Fat Daddy waved her off.
"It's them gawt damt."
Fat Daddy dreams. red.
"Peppers."
Confusion farted out of Mary between cramping's crinkled folds.
"Whut Deddy?"
He leaned forward in his recliner, straining.
"It's dem peppers. They give you."
He lifted half ass and blew.
"I aint et no peppers Deddy."
Fat Daddy fiddled on the coffee table. The Pepto lay under his Home and Garden magazine. He waved the bottle up and down, left and right. A B-movie priest warding off Nosforatu, or oily meatballs.
"You teck this."
Mary held her paunch, rocking back and forth by inches.
"I need."
Mary dreams, stirruped shanks.
Fat Daddy strutted to the television and yanked it off, then took long cowboy strides towards his daughter's churning body. But fear squeezed his innards, and he froze in the archway. His Pepto rattled in a shaking fist.
"Teck you some of this."
She used the sink to steady her frame, the dreams. Albino deep in deep woods, dry twig snapped. Mary heard the water's flow. She turned to the faucet. Dry as the fat man's soul. Her neck bent down. She found the drip. Yellow before the contraction hit. The contraction is red, like a pepper. Mary fell on her rump, landing in a swamp of pee-pee and broken dishes.
Mary howled.
"Deddy!"
but Fat Daddy fled the scene. Back to TeeVision and cigarettes, muttering
"Mah progrum's on May program's on"
as Mary wept.
He tilted the volume full blast and sank; exhausted, old, and corpulent into a carmine nest.
Mary's voice drifted above electrophonic noise.

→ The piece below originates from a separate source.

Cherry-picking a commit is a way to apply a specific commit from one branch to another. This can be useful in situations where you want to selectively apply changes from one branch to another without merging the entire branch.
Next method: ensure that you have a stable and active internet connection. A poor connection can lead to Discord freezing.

"Deddy, I need a docter, I think I"
Fat Daddy threw the Pepto at Mary. It bounced off a foot. He turned away. his face set.
"It's just peppers. gotdamit."
Mary eyed her father through sweat-matted locks. She spit. Whether she was aiming for Fat Daddy or linoleum tile, it came out a brackish and bloody drool skimming the hem of her dress. She reached for a chair with her toes, pulled it towards her and tried to ease up. The piss made her slip, but she righted herself right well, then shuffled towards the door, grabbing keys from a nail in the wall.
Fat Daddy slid his eyes over her thick haunch.
"Whur you gon?"
"Deddy help me. This yur fault."
But he crossed his arms, a bitter, withered old buzzard, alone with his 6:00 TV news. Mary opened the screen door and eased down wooden planks. She hobbled barefoot through grass and weed as the afternoon burned purple-brown around her. Fat Daddy ignored the child for his world in a box.